Heedless of the threat posed to the Irish hare as a species, the same rural TDs who now want to stall attempts to cut agriculture emissions, kicked up a ferocious racket, forcing the government to lift the suspension and allow coursing to resume.
This was despite warnings by scientists and conservationists that RHD2 had the potential to wipe out the Irish hare, a sub-species unique to Ireland and one of our few truly native mammals, a consequence that one expert said would represent an “an ecological catastrophe”.
Rural TDs dictating policy?
Last week, the government granted a licence permitting capture of hares for another coursing season, ignoring not only the cruelty of the practice and the continued prevalence of RHD2 in the countryside, but also the fact that the Irish hare has been in decline for the past half century due to a combination of habitat loss, predation and poaching.

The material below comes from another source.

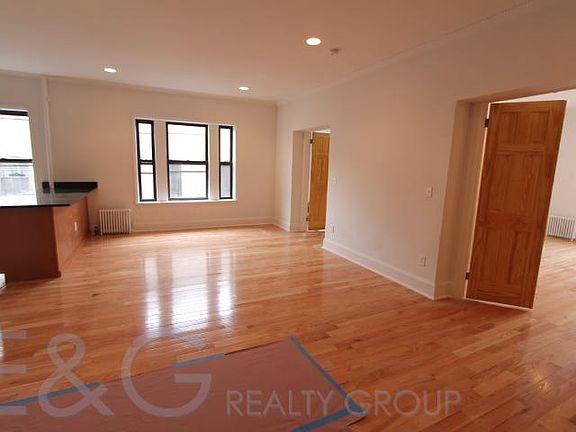 3rd image of 561 W 163rd St APT 1A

Those of us campaigning to protect this animal, renowned in song and folklore, sometimes feel like throwing our hands up in despair when we encounter these backwoods politicians who put electoral interests before the plight of an imperilled and persecuted wild animal.
Now, though, I can see that it isn’t just the Irish hare that the hillbillies are prepared to throw to the dogs. They are more concerned about saving their own political careers than saving the earth.
What they forget is that if climate change isn’t checked, there won’t be any more elections to contest, or seats to win or retain. No big salaries either; just the sad remains of a once powerful species on an uninhabited planet.
From John Fitzgerald, Callan, Co. Kilkenny.